WHAT TO WORK ON
The answer is the exact text of every line from the one that contains "MaxCalm®, Relaxing Drink" to the final line of the entries below, with pictures left out.

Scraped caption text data
-=-=-

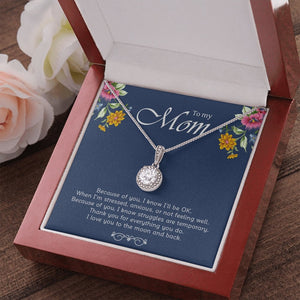 To My Mom | Because Of You | Jewelry | C30187TR, lx-C30187, PB23-WOOD, PROD-2001425, PT-2646, TNM-1, USER-43062 | TageUnlimited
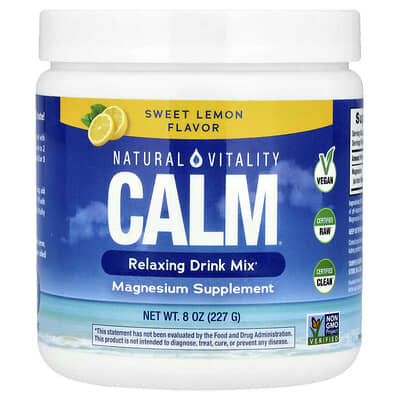 MaxCalm®, Relaxing Drink Mix, Sweet Lemon, 8 oz (227 g)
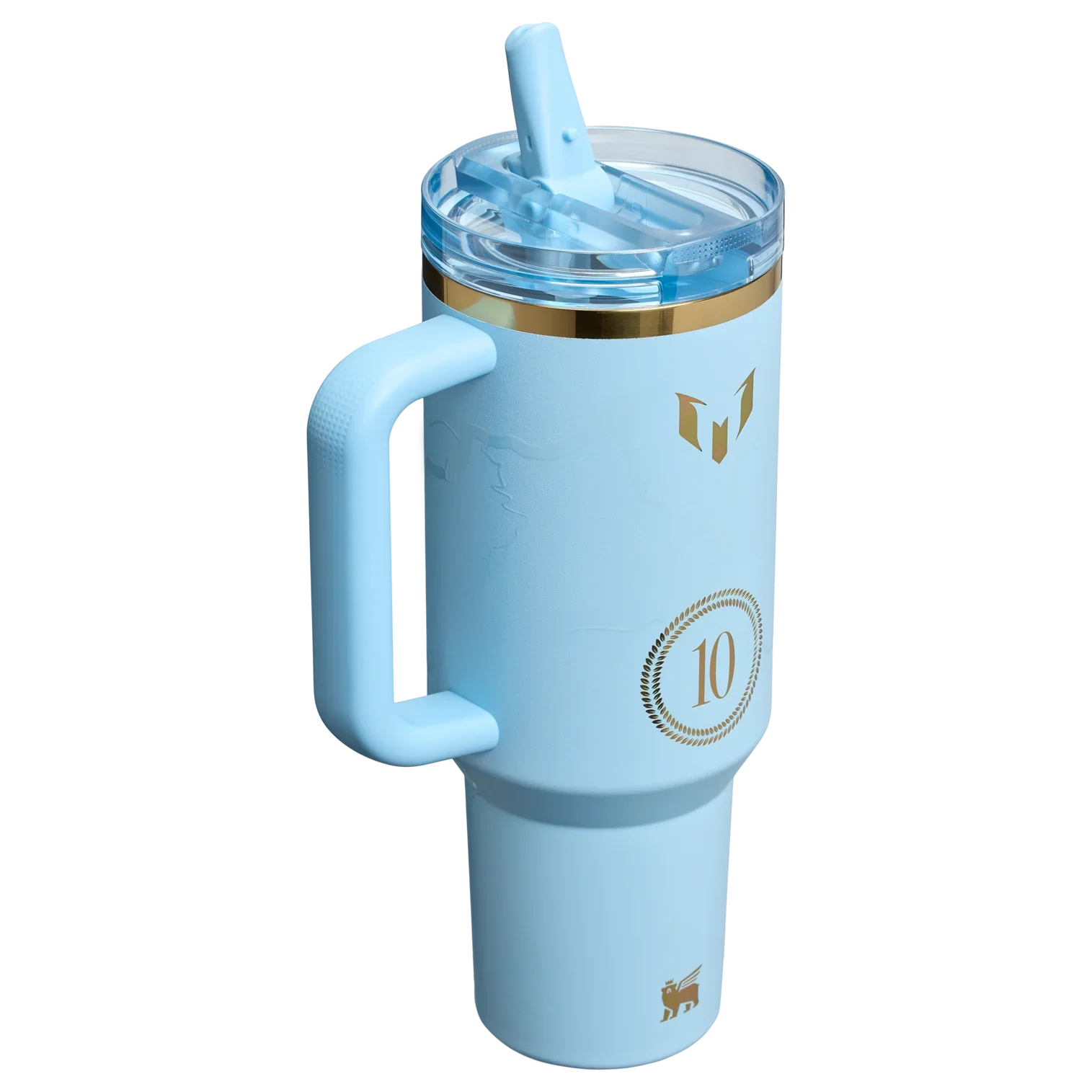 Messi x Stanley Quencher ProTour Flip Straw Tumbler 40oz Striker Blue | Premium Insulated Tumbler Pakistan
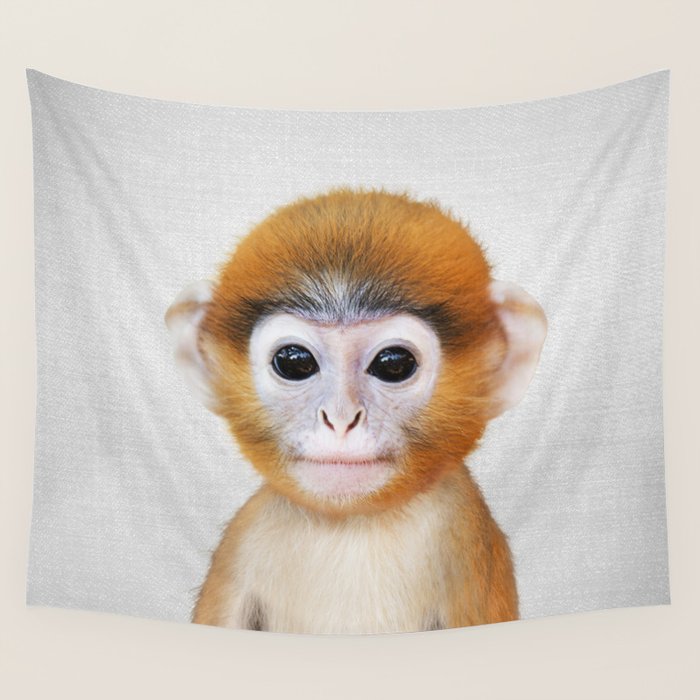 Baby Monkey - Colorful Wall Tapestry Gallery Image 4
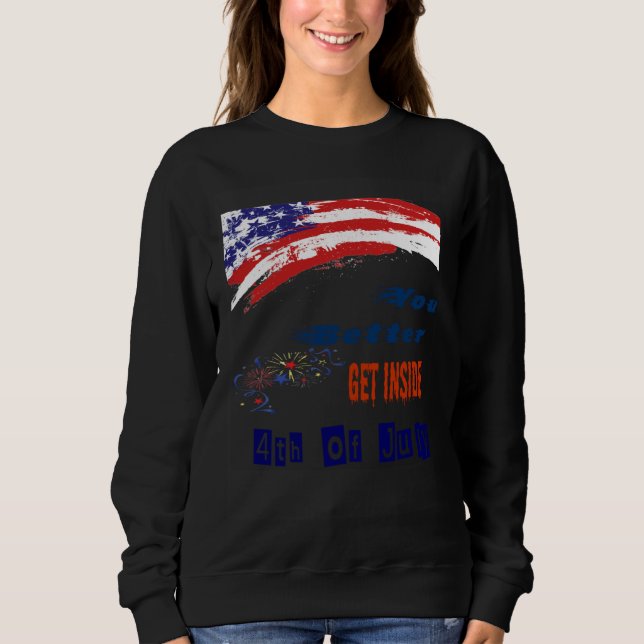 Sweatshirt Easily Distracted By 4th of July Geef (Devant)
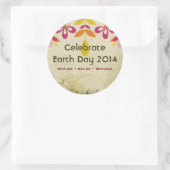 Earth Day 2014 Floral Abstrakt Stickers (Tasche)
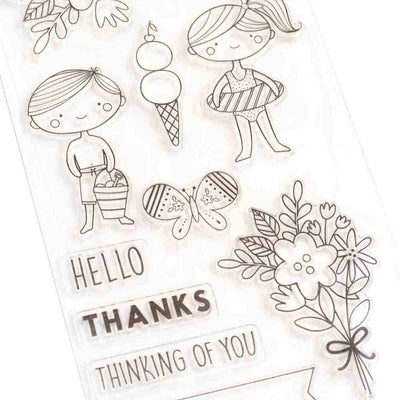 Sun & Fun Clear Stamps - Pebbles - Clearance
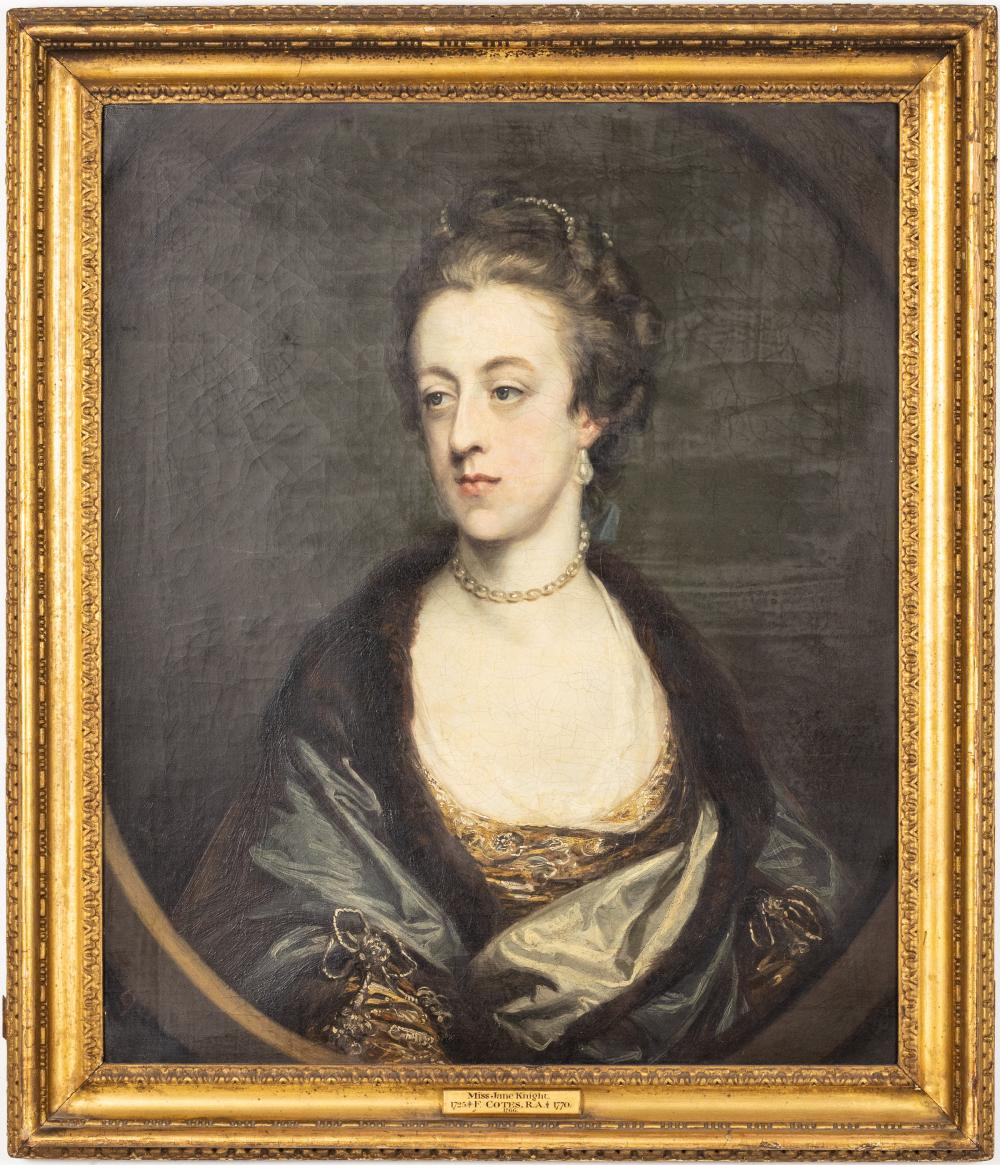 francis cotes 1726 1770 portrait of jane knight · Everard Auctions and Appraisals · 2026-02-25 Francis Cotes comparable auction result: francis cotes 1726 1770 portrait of jane knight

-=-=-

TASK OUTPUT
 MaxCalm®, Relaxing Drink Mix, Sweet Lemon, 8 oz (227 g)
 Messi x Stanley Quencher ProTour Flip Straw Tumbler 40oz Striker Blue | Premium Insulated Tumbler Pakistan
 Baby Monkey - Colorful Wall Tapestry Gallery Image 4
 Sweatshirt Easily Distracted By 4th of July Geef (Devant)
 Earth Day 2014 Floral Abstrakt Stickers (Tasche)
 Sun & Fun Clear Stamps - Pebbles - Clearance
 francis cotes 1726 1770 portrait of jane knight · Everard Auctions and Appraisals · 2026-02-25 Francis Cotes comparable auction result: francis cotes 1726 1770 portrait of jane knight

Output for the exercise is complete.